I have come to realize that it is easy to give up certain information about yourself that only gives others a small glimpse into who you really are. You put a mask on and make it seem like your life is pretty normal and that you only deal with the minor stresses in life. However, when you start to open up you find out that you and so many others are actually dealing with the same pains and struggles. The beauty through all the pain is the fact that the body of Christ is meant to encourage each other through those struggles.
I got to delve into that process with Carly. To be honest I believed that she had a story that was going to be very vanilla. However, as I started to listen I realized that the Lord has been working through some pretty big trials in her life.

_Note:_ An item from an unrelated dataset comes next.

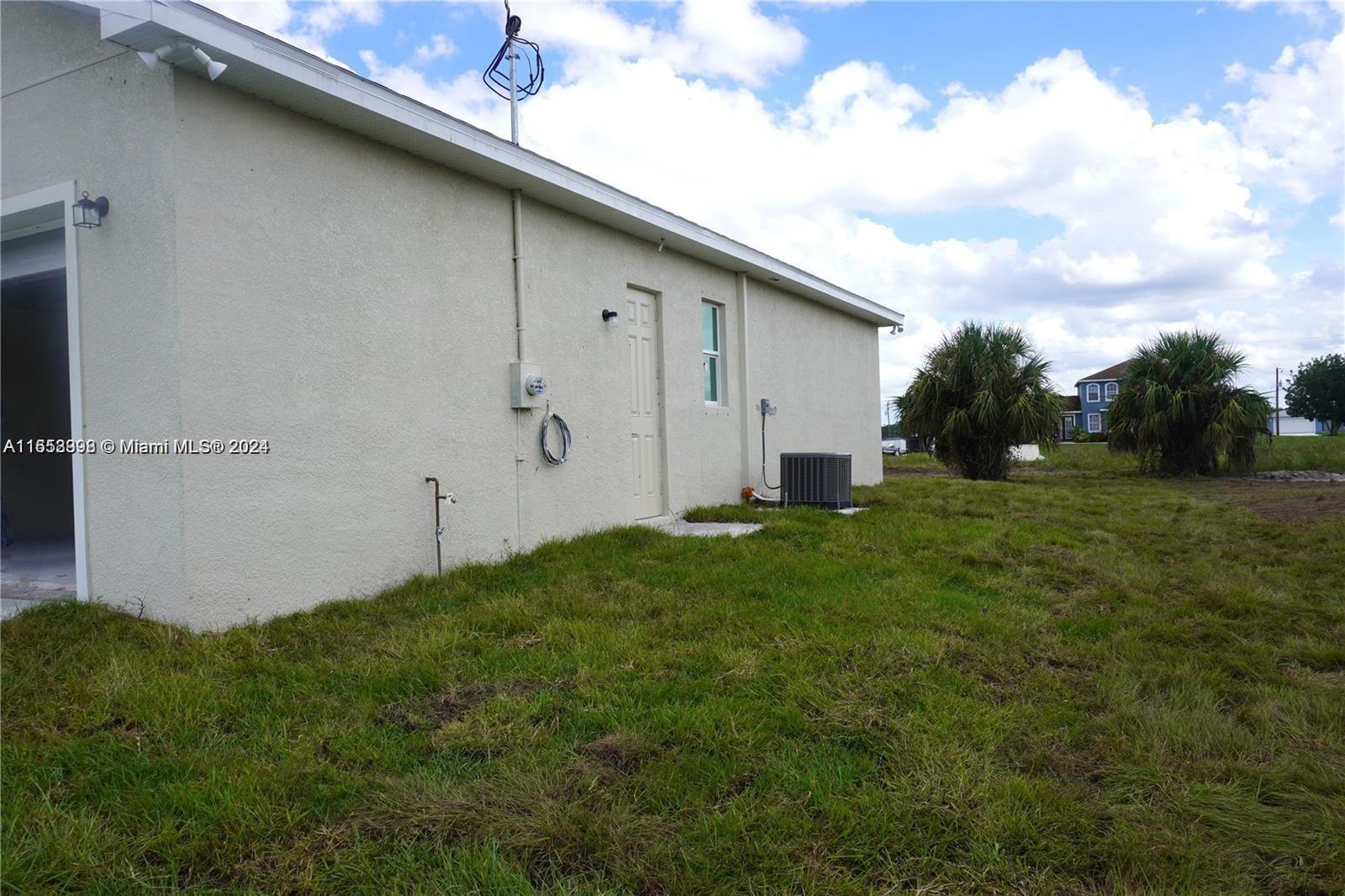 PORT LABELLE - Residential Lease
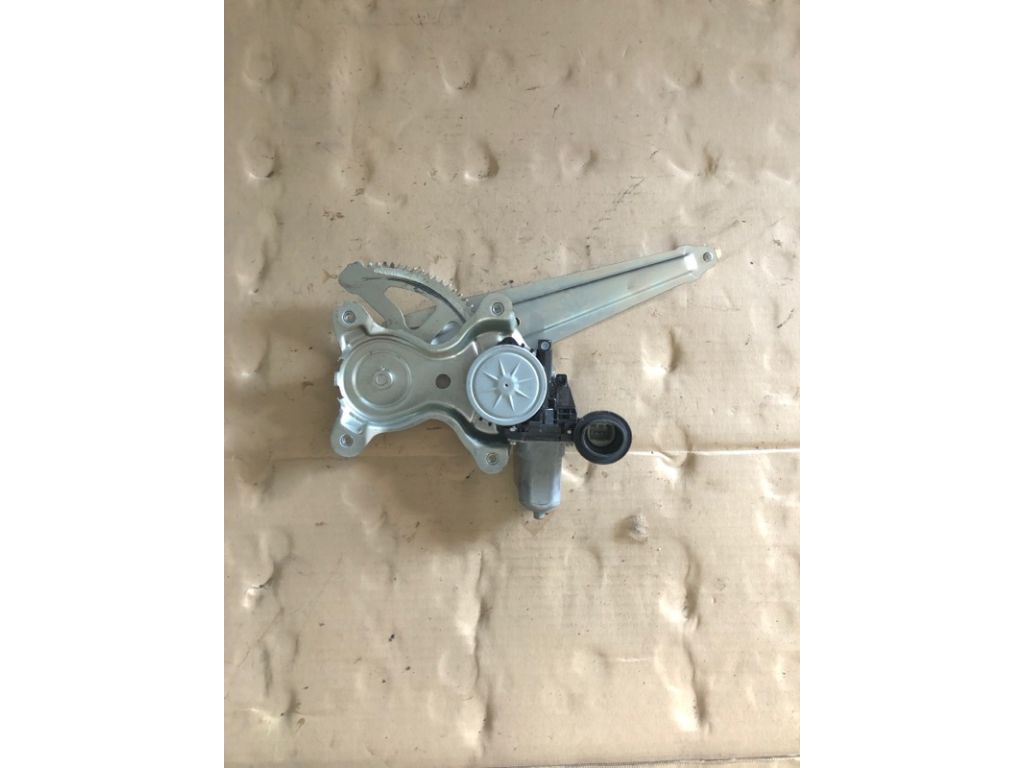 69804-12180 | Стеклоподъемник задн. лев. TOYOTA AURIS 06-12 - Фото 3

Quick summary of what Carly and I talked about: her mom has a very strong walk with the Lord and her dad does not. This may shock some people, but so many people here at Cedarville with that. We make our families look so good on the outside, but if you look just a bit closer you will start to notice how shattered and broken we really are. As Christians we want to let people in, but we only want them to see the good. When in reality, when we open up and expose our brokenness and how God is working through it, our stories become so much more impactful.

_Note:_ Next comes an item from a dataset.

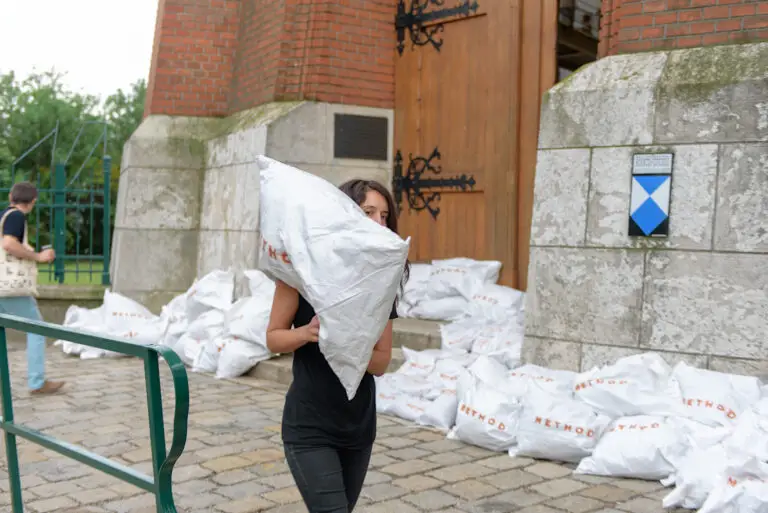 Sandy Tower, Leaky Method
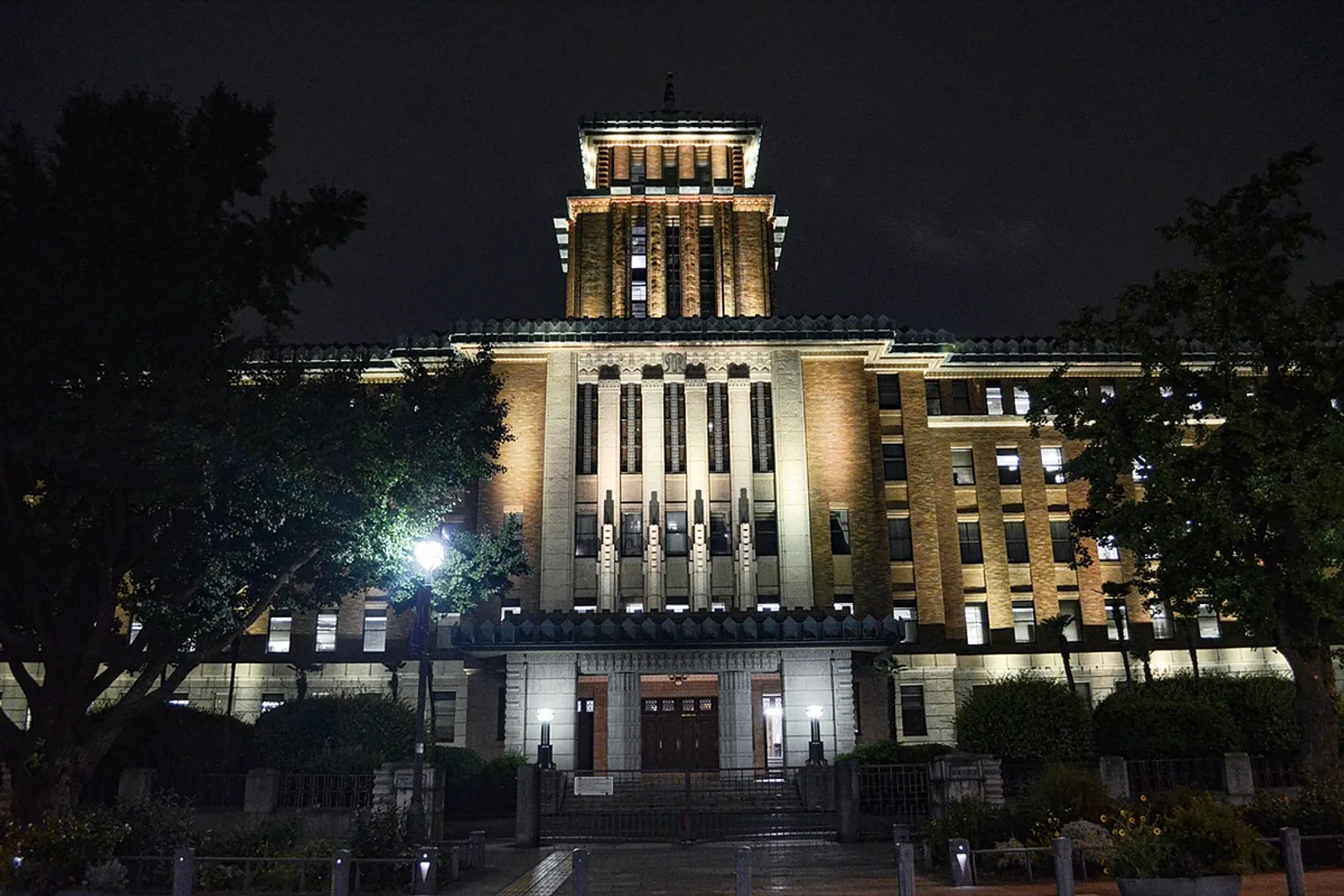 ゴールドにライトアップされた神奈川県庁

The thing that really keeps coming to mind is the idea of going to God first. I can wrap up Carly’s whole story with going to the Lord and actually setting your desires at his feet. I mean so many times in the Bible we hear that God wants us to just ask! In all honesty, we often don’t even have time to ask because we are so busying complaining to our friends and trying and do things on our own. By the time we finally get to the Lord we are so discouraged we no longer believe he can actually help and so we don’t even bother asking for his help.

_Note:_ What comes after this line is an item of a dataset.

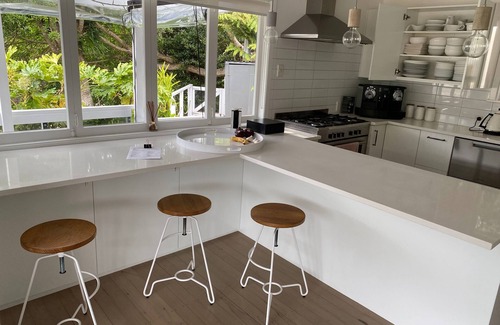 Kawau Island Resort | Kawau Lodge - Kotuku Master Suite plus 5 bedrooms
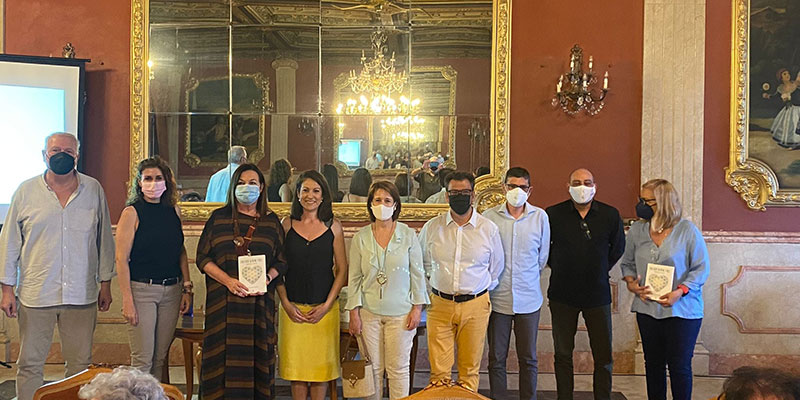 Elena Cantero Pascual  presenta su libro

So, let me get a bit honest with you. I am in the same boat as Carly, longing for salvation of people I love. However, instead of staring at a wall trying to figure out what to say or do, why am I not going to the Lord first.
Why am I not asking and expecting that the Lord will be faithful to his Word; seeking and knowing that I will find; knocking and believing that the door will be opened to me (Matthew 7:7).
Ultimately my problem is that I do not trust that the Lord is good and that he will do as he says he will. I am filled with doubt and fear on what is next. I am so caught up in my own anger, exhaustion, and frustration that I am not allowing the Lord to step in and open my eyes to see how he is working. I need to get on my knees and start praying for the people I love and believe that God is going to show me some miraculous things.
I understand, it’s easy to try and unload all of your problems on those around you and not go to God first. But remember, God is the ONLY one who can handle all your problems, and turn your pain into something beautiful.